Element Hides

📺 Watch the explanation for this recipe in the video Element Hides Vs Element Is Removed From The DOMopen in new window.

Element is removed from the DOM

Imagine the element the user clicks, like a button. The button adds a class "away" after some time, and then is removed from DOM completely. It is a good example of automating waiting.

.half {
  opacity: 50%;
}
<button id="away">Click me</button>
<script>
  const btn = document.getElementById('away')
  btn.addEventListener('click', () => {
    setTimeout(() => {
      btn.classList.add('half')
    }, 1000)
    setTimeout(() => {
      btn.parentElement.remove(btn)
    }, 2000)
  })
</script>
cy.contains('button', 'Click')
  .click()
  .should('have.class', 'half')

Now let's confirm the element goes away completely. We cannot attach another assertion to the same cy.get(...) command:

// 🚨 INCORRECT, JUST A DEMO
// "Element is detached from the DOM" error
cy.contains('button', 'Click')
  .should('have.class', 'half')
  .and('not.exist')

The above assertions cannot be both true at the same time; since the element is removed from the DOM, we want to check it separately.
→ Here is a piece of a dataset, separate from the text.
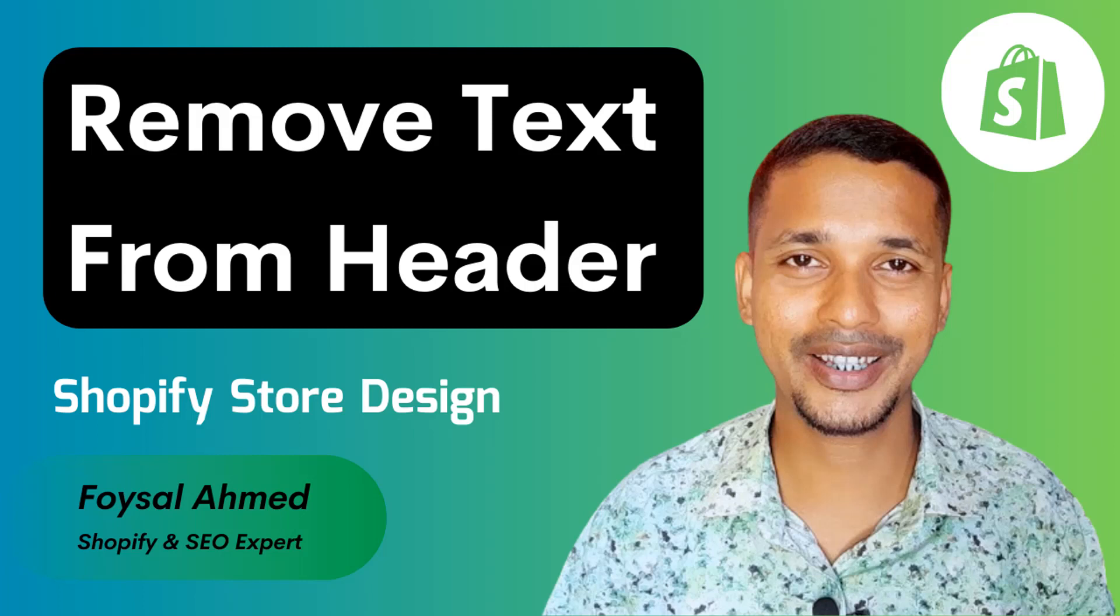Hey there, welcome to my YouTube channel. In this tutorial, I'm going to show you how to remove text from header. If you've started your online business with Shopify and you want to customize your Shopify online store without hiring any developer or coding skills, then you can continue this video. Let's get started.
cy.contains('button', 'Click').should('not.exist')

Element becomes invisible

Now let's take a similar example, but this time the button simply hides after a delay using display: none style.

.half {
  opacity: 50%;
}
<button id="away">Click me</button>
<script>
  const btn2 = document.getElementById('away')
  btn2.addEventListener('click', () => {
    setTimeout(() => {
      btn2.classList.add('half')
    }, 1000)
    setTimeout(() => {
      btn2.style.display = 'none'
    }, 2000)
  })
</script>

This time we can chain the same two assertions to the same DOM element.

cy.contains('button', 'Click')
  .click()
  .should('have.class', 'half')
  .and('not.be.visible')

Since the element is still in the DOM, and it still has the class "half", both assertions can pass at the same time for the same found element.